- Opening Delimiter -
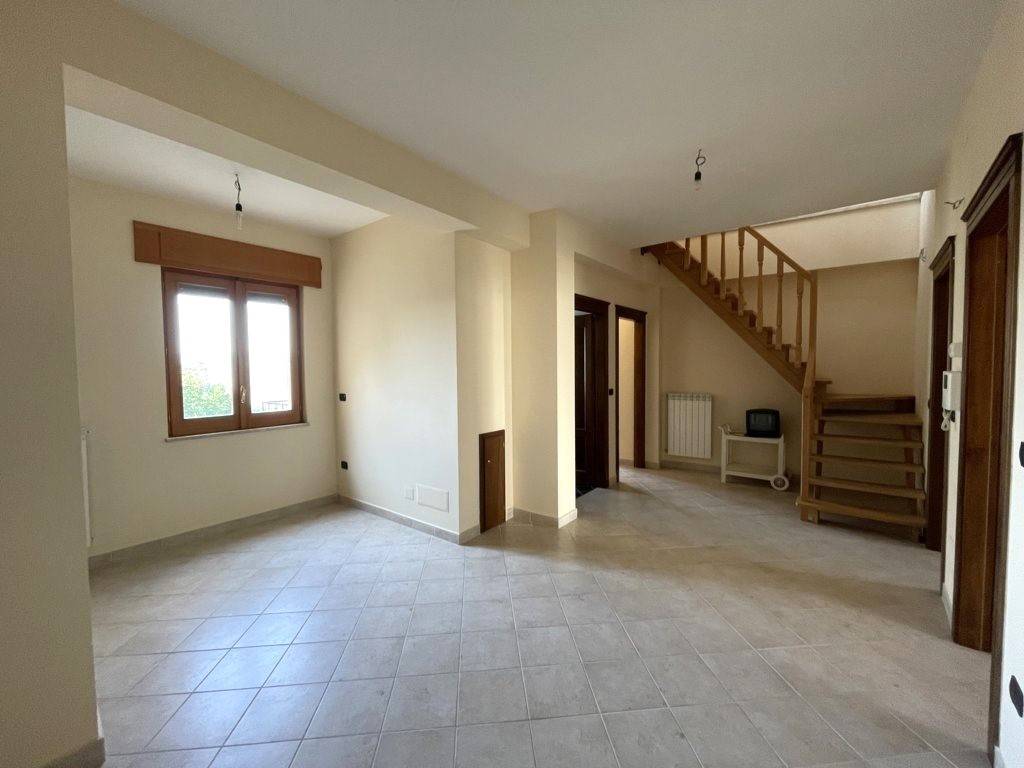 Terratetto unifamiliare 195 m², ottimo stato, bonito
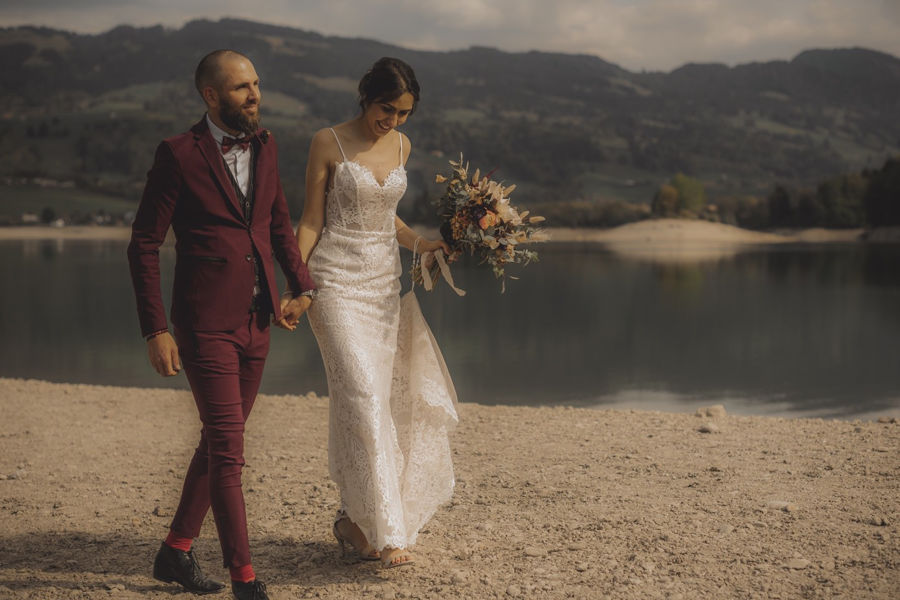 fairytale-switzerland-elopement-magical-ceremony-near-a-lake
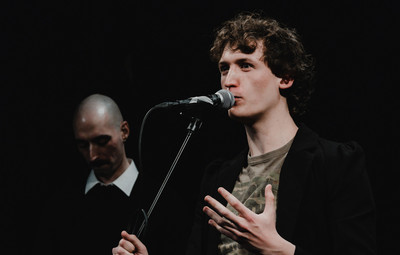 Utrinki z bralnih uprizoritev 10-minutnih besedil študentov AGRFT <em>Foto: Maša Pirc</em>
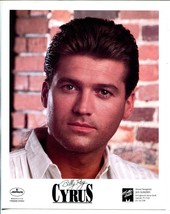 Billy Ray Cyrus-Autographed 8 X 10 color photo 1980&#39;s-G - £24.33 GBP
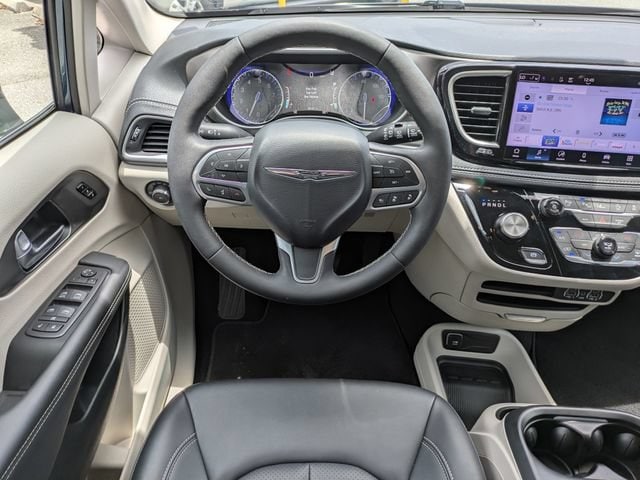 2024 Chrysler Pacifica Touring L - Photo 20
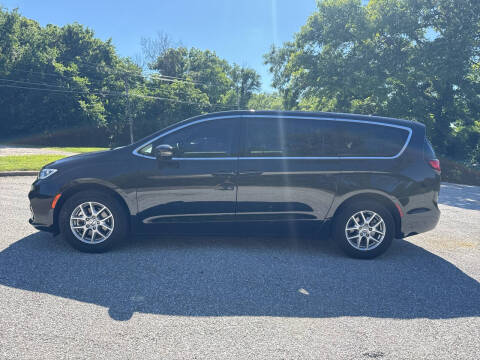 2024 Chrysler Pacifica Touring L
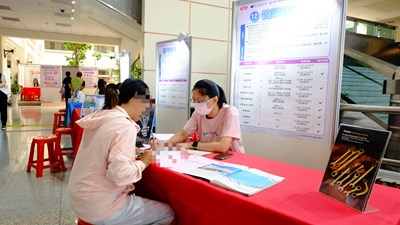 公司人資與求職民眾面談情形_0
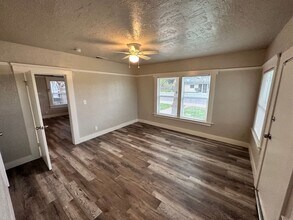 2901 E Olive Ave in Fresno, CA - Building Photo - Building Photo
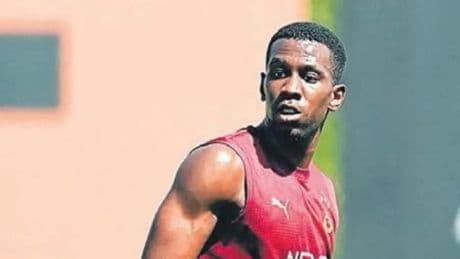Ayrılık sırası Carlos Cuesta’da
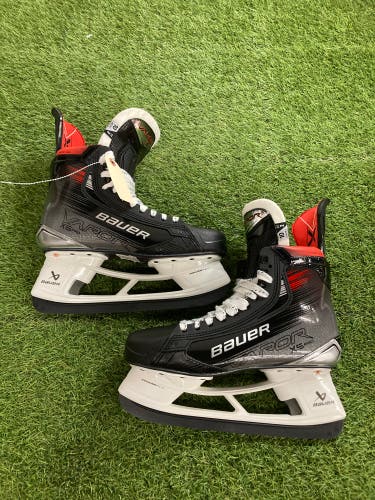 Senior Bauer Vapor X5 Pro Hockey Skates 10 (New)
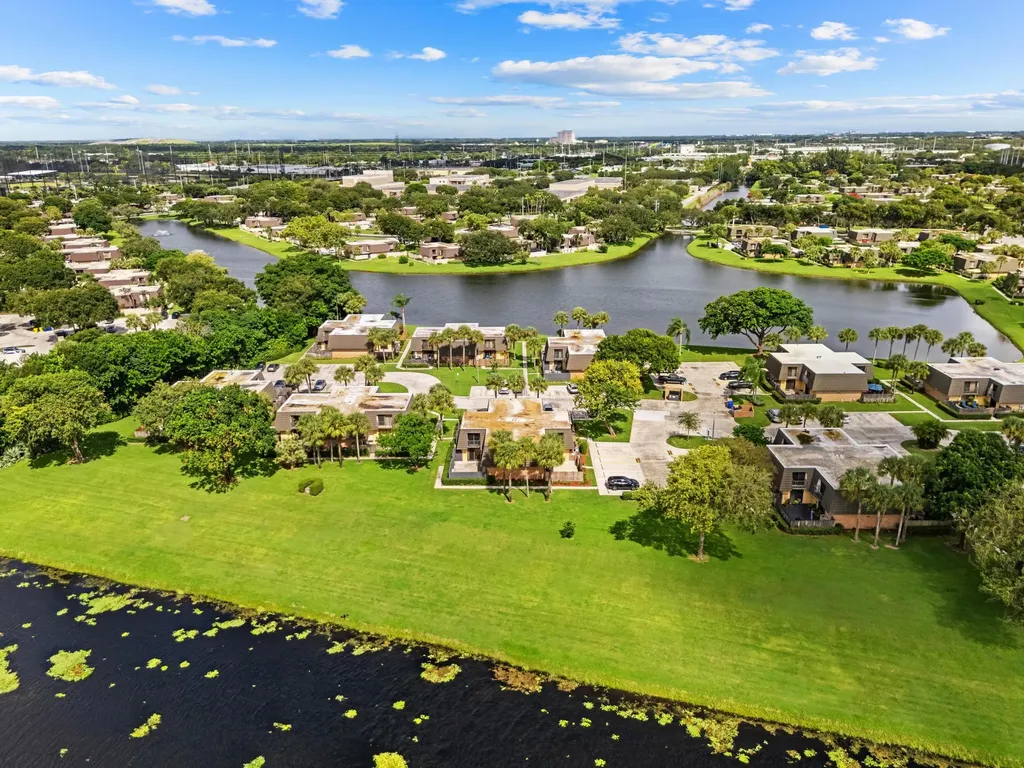 2410 24th Way West Palm Beach FL 33407
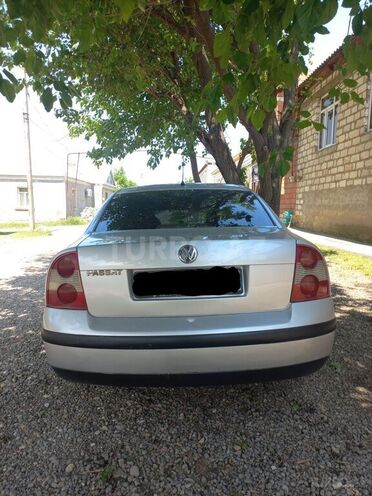 Volkswagen Passat 2002, 293,000 km - 2.0 л - Tovuz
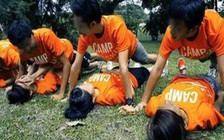 Hãi hùng những trò chơi team building gợi dục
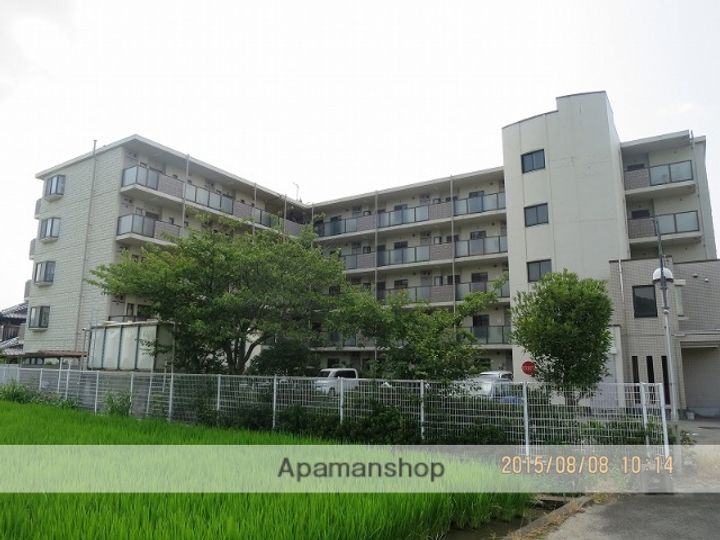 シャルル岩出206の外観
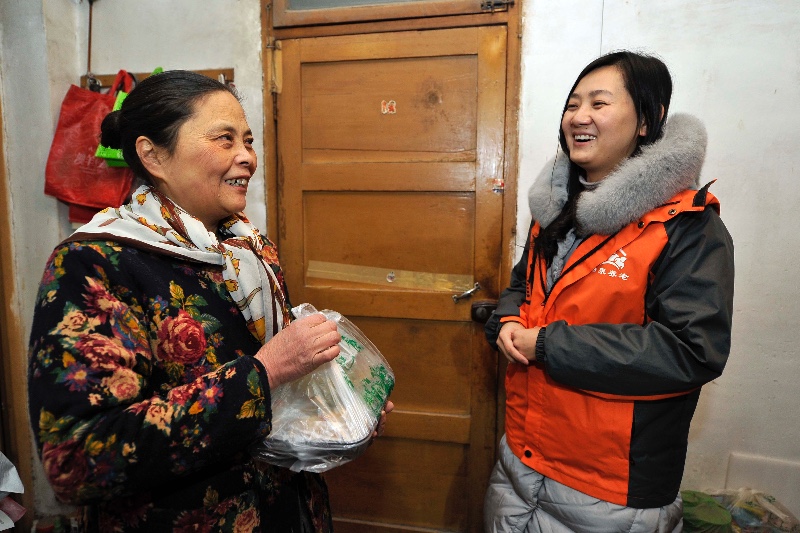 西安老人患病躺床上动不了 老年综合服务中心送饭上门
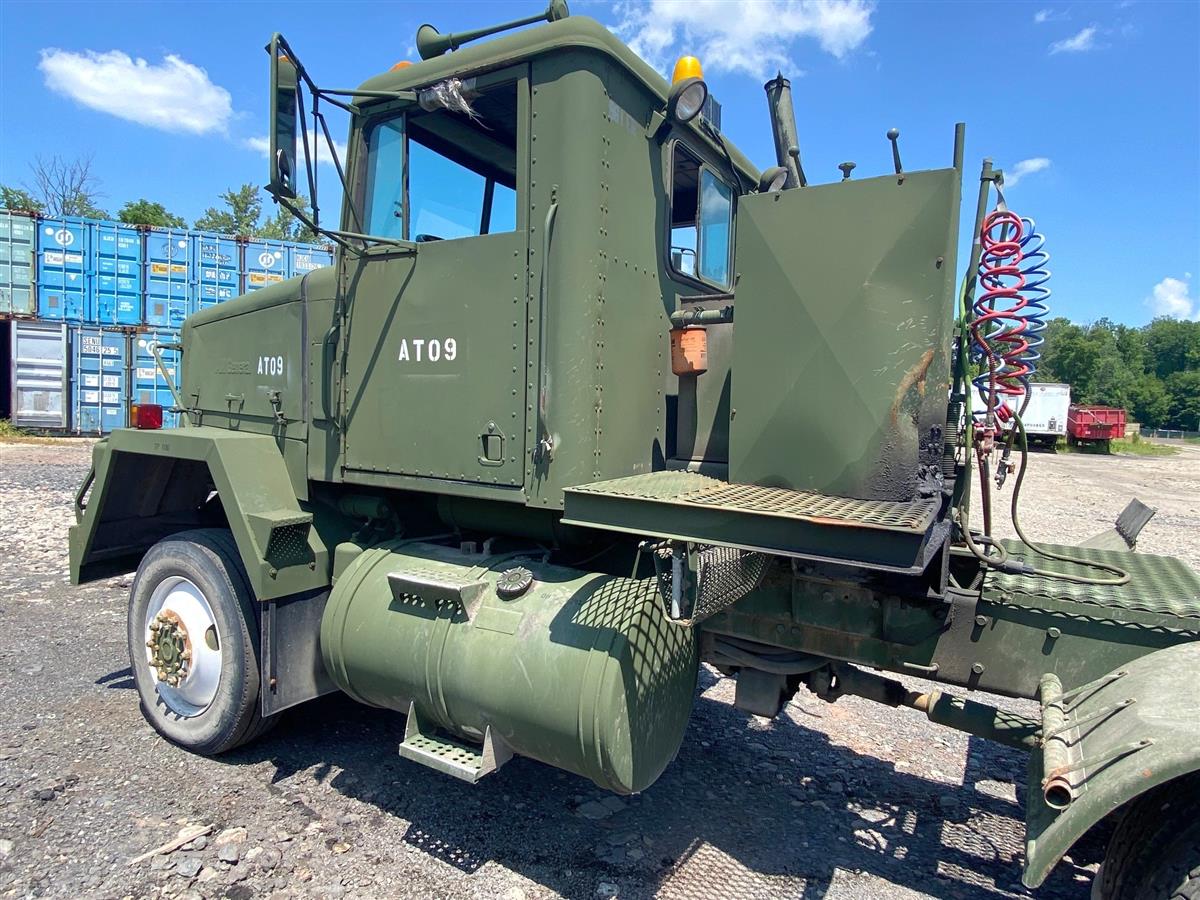 T-06132012-60 | M916 6x6 Tractor- Cummins 400 Turbo Diesel (33).jpg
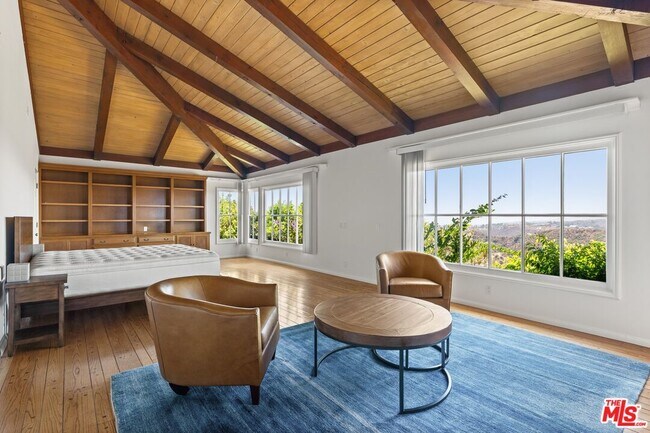 Foto del edificio - 2317 Kimridge Rd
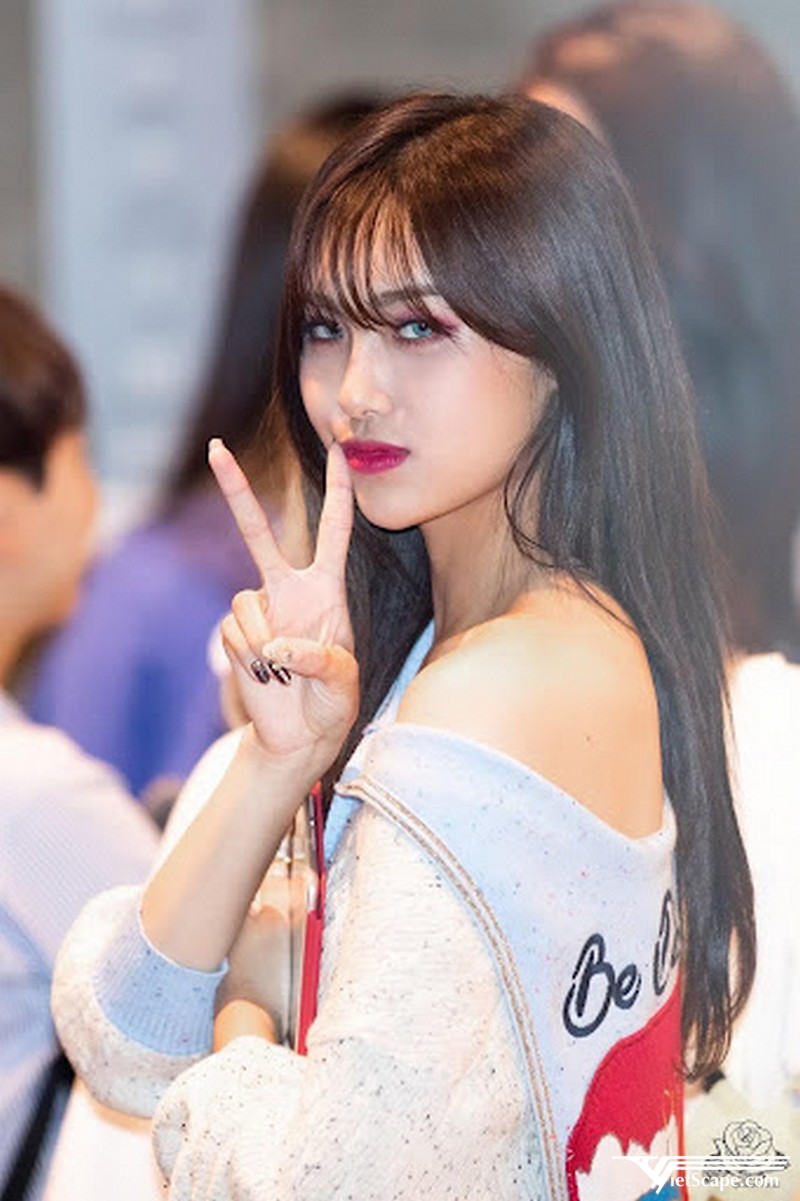 Một số hình ảnh về Aisha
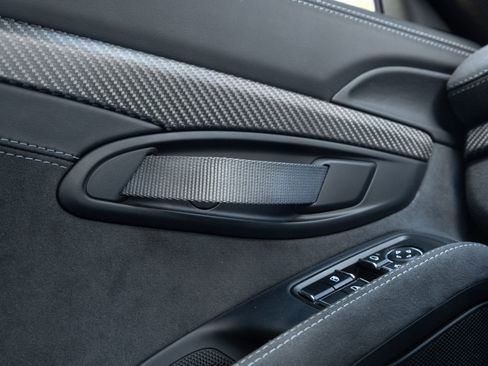 Certified 2024 Porsche 718 Cayman GT4 RS RWD image 18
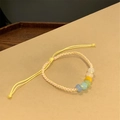 Détail d'un bracelet tissé main avec perles colorées et nœud coulissant ajustable - Bracelet Tissé Minimaliste Jaune Rose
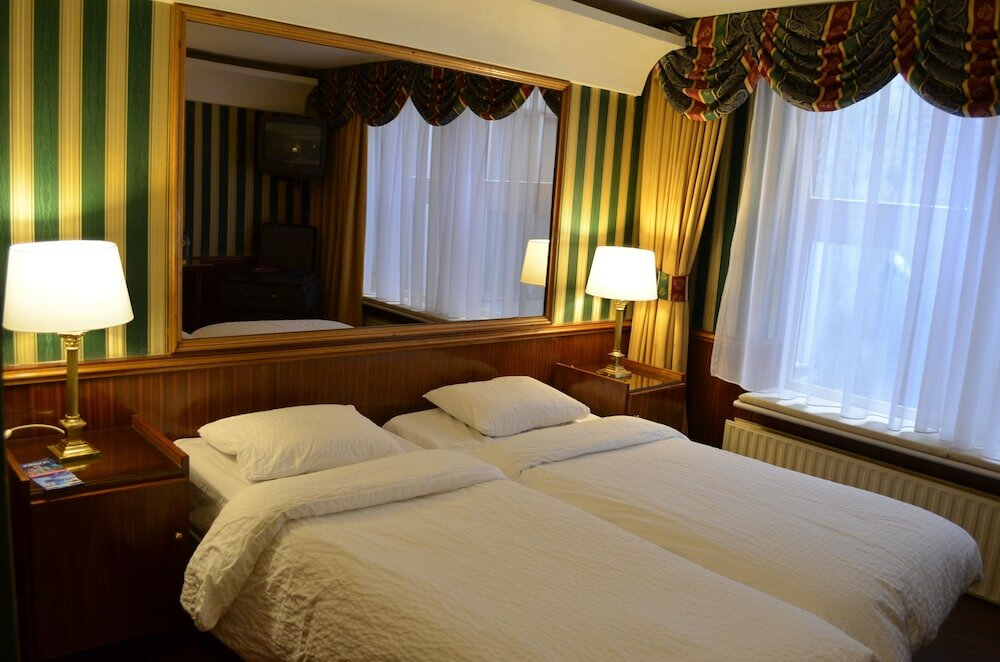 Фото Rembrandtplein Hotel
- Closing Delimiter -
Work request:
Return, exactly as they appear, the lines from the line containing "Billy Ray Cyrus-Autographed" through the end of the records above, both ends included, without pictures.

Solution for this task:
 Billy Ray Cyrus-Autographed 8 X 10 color photo 1980&#39;s-G - £24.33 GBP
 2024 Chrysler Pacifica Touring L - Photo 20
 2024 Chrysler Pacifica Touring L
 公司人資與求職民眾面談情形_0
 2901 E Olive Ave in Fresno, CA - Building Photo - Building Photo
Ayrılık sırası Carlos Cuesta’da
 Senior Bauer Vapor X5 Pro Hockey Skates 10 (New)
 2410 24th Way West Palm Beach FL 33407
 Volkswagen Passat 2002, 293,000 km - 2.0 л - Tovuz
 Hãi hùng những trò chơi team building gợi dục
 シャルル岩出206の外観
 西安老人患病躺床上动不了 老年综合服务中心送饭上门
 T-06132012-60 | M916 6x6 Tractor- Cummins 400 Turbo Diesel (33).jpg
 Foto del edificio - 2317 Kimridge Rd
 Một số hình ảnh về Aisha
 Certified 2024 Porsche 718 Cayman GT4 RS RWD image 18
 Détail d'un bracelet tissé main avec perles colorées et nœud coulissant ajustable - Bracelet Tissé Minimaliste Jaune Rose
 Фото Rembrandtplein Hotel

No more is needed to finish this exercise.